The Moving Parties seek summary judgment/adjudication under the doctrine set forth in Privette v. Superior Court (1993) 5 Cal.4th 689 and its progeny. Moving Parties argue that they owed no duty of care to Plaintiff; that they did not retain control or affirmatively contribute to Plaintiff’s injuries; that they did not provide any supplies or equipment to Plaintiffs; that they did not fail to disclose a preexisting concealed hazardous condition; and that there is no admissible evidence that they breached any duty of care or caused the Subject Accident.

In Opposition, Plaintiffs separately argue that they were not within the scope of their employment at the time the Subject Accident occurred and are not subject to Privette; and that the cause of Plaintiffs’ injuries was not a risk of the work that Plaintiffs were hired to perform.

Opposition(s) filed by Cross-Complainants (e.g., Allied) argue that, in the event the Moving Parties’ Motions are denied, then the Cross-Complainants’ claims against the Moving Parties should still stand and summary judgment/adjudication of the Cross-Complainants should similarly be denied.

As an initial matter, the Court finds that Plaintiffs were acting in the scope of employment during the time of the Subject Accident. Plaintiffs’ own allegations admit that they were injured while working. (See Simeta Complaint 11; Perez Complaint 12.)

A hirer of a contractor owes no duty of care to the contractor’s injured employee because the employee has an alternative remedy through the workers’ compensation system. (Privette v. Superior Court (1993) 5 Cal.4th 689, 696-702.) “[W]hen the person injured by negligently performed contracted work is one of the contractor’s own employees, the injury is already compensable under the workers’ compensation scheme and therefore the doctrine of peculiar risk should provide no tort remedy, for those same injuries, against the person who hired the independent contractor.” (Madden v. Summit View, Inc. (2008) 165 Cal.App.4th 1267.) It is “unfair to subject the hirer to civil liability while the actor primarily responsible for the injury was subject only to the limited liability imposed by workers’ compensation law. (Browne v. Turner Construction Co. (2005) 127 Cal.App.4th 1334, 1342.) Generally, an injured employee of an independent contractor cannot sue the landowner who hired the contractor. (Seabright Ins. Co. v. U.S. Airways, Inc. (2011) 52 Cal.4th 590, 594.) The remedy for injuries to the contractor’s employees is worker’s compensation. (Id. at 598.)

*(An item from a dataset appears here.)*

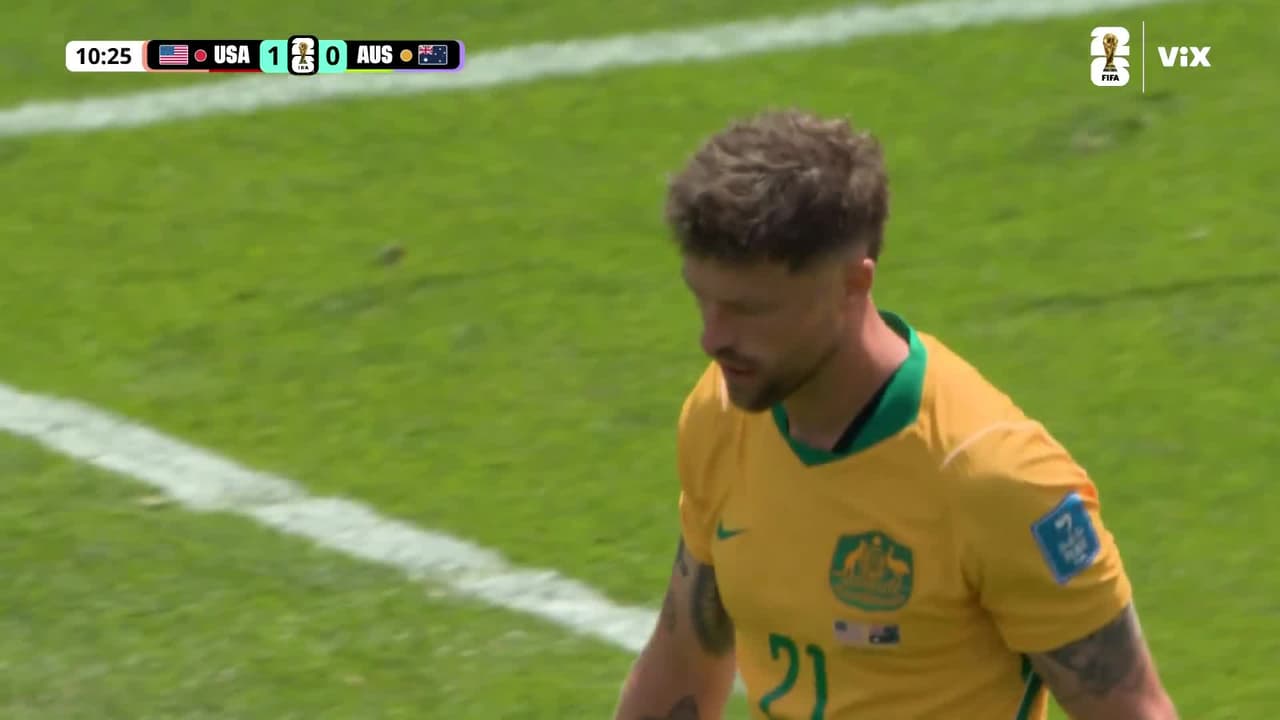¡Regalo inesperado! Burgess marca en propia y Estados Unidos toma la delantera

Since Privette, courts have extended its reasoning to preclude liability for owners of property where injuries to an employee of an independent contractor occurred where there is no evidence that the property owner affirmatively contributed to the injury. In Laico v. Chevron U.S.A., Inc. (2004) 123 Cal.App.4th 649, 666-667, the Appellate Court considered an independent contractor employee’s claim that a non-hiring property owner was liable for his workplace injuries because the owner could have exercised control over the premises. The Laico Court indicated that although the property owner did not hire the plaintiff’s employer as an independent contractor, “[nevertheless] we find sufficient similarity in the plaintiffs’ theory of the case that Privette, Toland, and Hooker provide a useful analogy to the issues presented here.” (Id. at 668.) Laico holds, “in these circumstances, even though there is no evidence of a hirer-contractor relationship between [property owner and plaintiff’s employer], we believe it would be ‘illogical and unfair’ to impose liability on [property owner] for an injury attributable to [employer], whose liability is limited by workers’ compensation insurance.” (Id.) Therefore, notwithstanding Plaintiff’s arguments to the contrary, this Court finds that the Privette doctrine is applicable to the circumstances presented in the instant litigation.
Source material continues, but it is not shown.